Chinese API
===========

Chinese G2P uses jieba for tokenization and supports two phoneme output formats.

Main Class
----------

.. autoclass:: kokorog2p.zh.ChineseG2P
   :members:
   :undoc-members:
   :show-inheritance:

Examples
--------

Basic Usage
^^^^^^^^^^^

.. code-block:: python

   from kokorog2p.zh import ChineseG2P

   g2p = ChineseG2P(language="zh")
   tokens = g2p("你好世界")

   for token in tokens:
       print(f"{token.text} -> {token.phonemes}")

Model Versions
--------------

The Chinese G2P supports two versions with different output formats:

Legacy Version (version="1.0")
^^^^^^^^^^^^^^^^^^^^^^^^^^^^^^

Uses pypinyin + IPA transcription

* Output format: IPA with arrow tone markers (↓ ↗ ↘ →)
* Compatible with base Kokoro model
* Example: ``"你好"`` → ``"ni↓xau↓"``

.. code-block:: python

   from kokorog2p import get_g2p

   # Create legacy Chinese G2P
   g2p = get_g2p("zh", version="1.0")
   phonemes = g2p.phonemize("你好")
   # Output: 'ni↓xau↓'

Version 1.1 (version="1.1")
^^^^^^^^^^^^^^^^^^^^^^^^^^^

Uses ZHFrontend with Zhuyin (Bopomofo) notation

* Output format: Zhuyin characters + tone numbers (1-5)
* Requires Kokoro-82M-v1.1-zh model
* Example: ``"你好"`` → ``"ㄋㄧ2ㄏㄠ3"``

.. code-block:: python

   from kokorog2p import get_g2p
   from kokorog2p.vocab import validate_for_kokoro

   # Create v1.1 Chinese G2P
   g2p = get_g2p("zh", version="1.1")
   phonemes = g2p.phonemize("你好")
   # Output: 'ㄋㄧ2ㄏㄠ3'

   # Validate against v1.1-zh model
   is_valid, invalid = validate_for_kokoro(phonemes, model="1.1")
   assert is_valid

Model Selection for Validation
^^^^^^^^^^^^^^^^^^^^^^^^^^^^^^^

When validating phonemes, specify the target model:

.. code-block:: python

   from kokorog2p.vocab import validate_for_kokoro

   # For base model (IPA output from legacy version)
   is_valid, invalid = validate_for_kokoro(phonemes, model="1.0")

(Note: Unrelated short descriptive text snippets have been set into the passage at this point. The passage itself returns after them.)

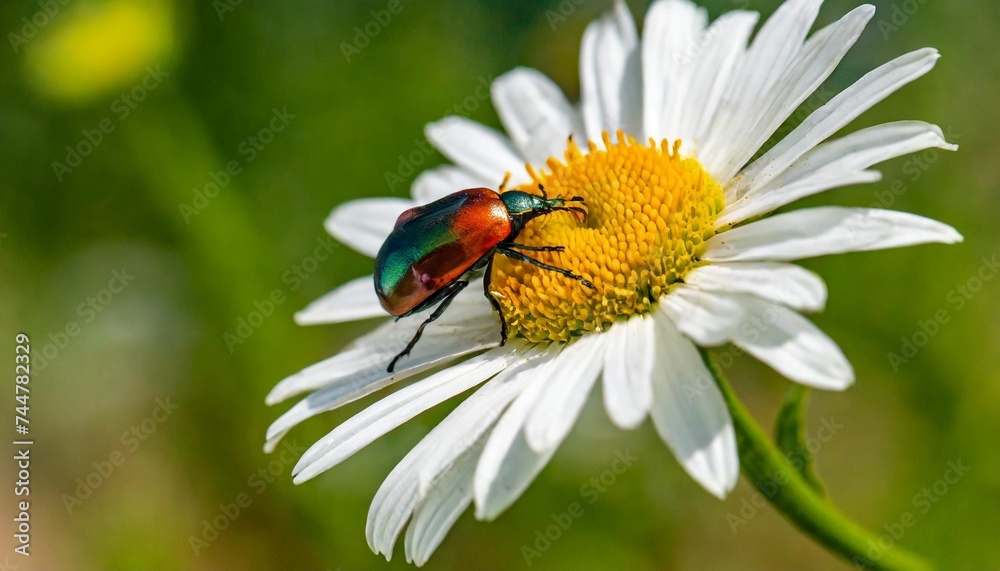 bug on a flower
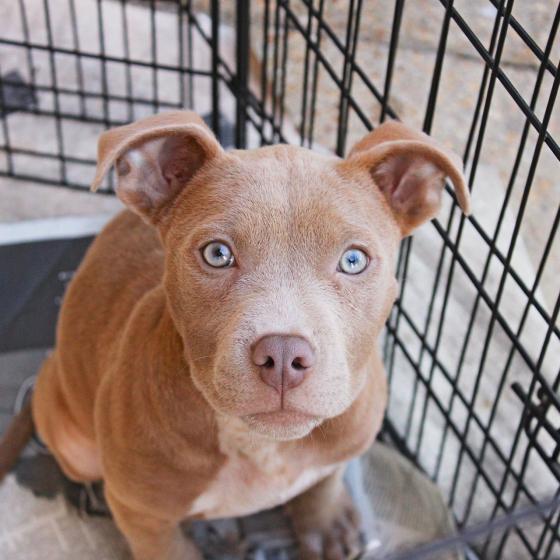 Rescue Puppy in a pen at an adoption event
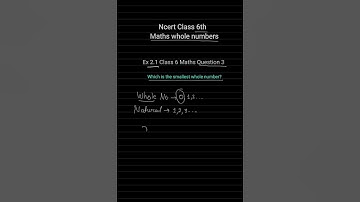 Which is the smallest whole number? Class 6 Exercise 2.1 Question 3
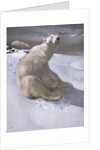 Polar bears in snow by Carl Ederer
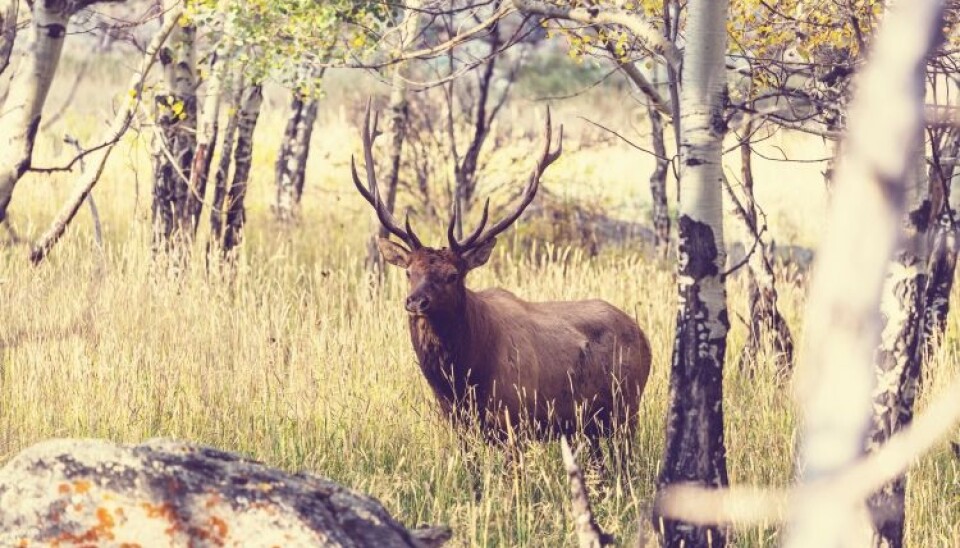Deer are often given the blame for the increase in tick-populations, but new results suggests that there are other factors that are important for the increase. (Photo: Colourbox)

   # For v1.1-zh model (Zhuyin output from version 1.1)
   is_valid, invalid = validate_for_kokoro(phonemes, model="1.1")

Features
--------

* Jieba tokenization for Chinese word segmentation
* Pypinyin for pinyin conversion to IPA (legacy version)
* ZHFrontend with Zhuyin notation (version 1.1)
* Tone sandhi rules
* cn2an for number handling
* Chinese to Western punctuation mapping